I feel very lucky that I have made it to Nome. Winter Biking has been a lifestyle with me for the last 6 years, ever since I have met Bill. We have done a lot of winter biking expeditions together in Alaska and in the Canadian Arctic. Most of our base training trips are 20 to 30 day long mountain bike trips in the Southwest USA. In 2005 we did the 2500 mile long Great Divide MTB Route along the Continental Divide from Canada to Mexico in 32 days. Last fall I designed a 1000 mile route from Salt Lake City, Utah to Tucson, Arizona through the mountains that involved a lot of bike pushing with loaded bikes since some of the trail was steep horse trails in the mountains. Little did I know then how well it really prepared us for the Nome push this year.
I estimate that we pushed our bikes one third, we rode one third and one third was marginal riding in granny gear. As far as temperatures we had 35 above and down to -60 F wind chills on the coast. I am glad I had all the gear on my bike. When Northern Air Cargo weighed our bikes in Nome mine was 64 pounds without my two 1L water bottles.
On the flight back to Anchorage I was looking out the window at this great big wilderness below I had covered on a bike.
I feel very fortunate for the opportunity to organize and compete in such a unique event and bring the world's best ultra winter athletes to Alaska each year.
I think you cannot find such a challenge anywhere else in the world with a route that takes you through a road less wilderness of such great length and variety of terrain.
The Iditarod Trail is unforgiving and you cannot afford to make mistakes or wrong decisions. The trail is never the same, every year is different. The weather and conditions can change in the blink of an eye. And conditions will change for the worse of for the better, you never know.
Making the right decisions at the right time and being patient, timing things and keeping a pace are some of the keys to success and a body that will hold up to the bittersweet end under the burled arch in Nome.

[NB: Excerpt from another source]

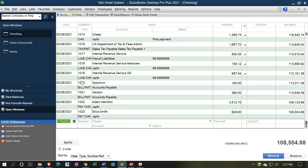QuickBooks has a nice feature that tries to help you avoid messing up your retained earnings and other accounts for timing differences when voiding a check in the past. Let's test this out.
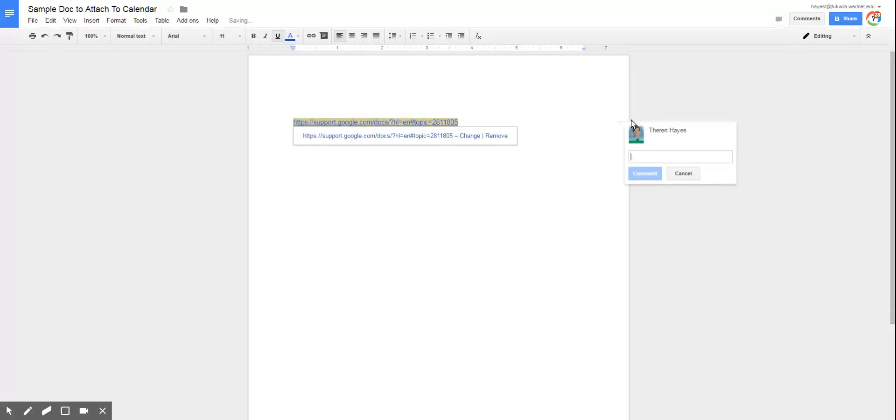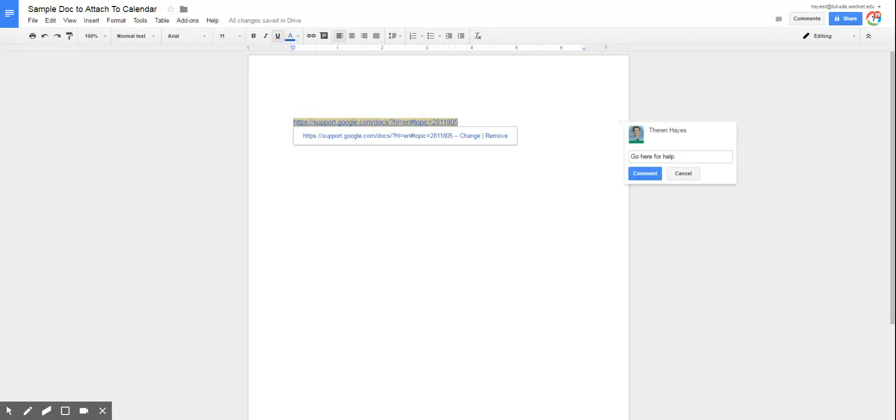So once I'm here in my comment, I can type. But that's just for a comment for anyone viewing the document.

After growing up on a dairy farm in Bavaria, Germany in the foothills of the Alps where I was shoveling cow poop and hauling it out on the manure pile with a wheel barrow since I was a little girl I couldn’t wait to leave home. I disliked the hard work. Many years later I find myself living off the grid in a cabin in Chickaloon, Alaska without running water. By choice!
I carry loads of firewood up on the little knob that I picked for the cabin spot, my daily routine of doing chores got me ready to push my bike for miles through the snow.
Soon here in a few days we will be cutting and splitting next winters firewood.
The Iditarod Trail is a special place. To me it is as much about meeting the people that still live in those remote places and experiencing all this winter wilderness has to offer as it is about a race.
When I am asked " Why?"
What brings these people back year after year?
It can't be explained but only experienced.
I think many veterans of this race would agree with that.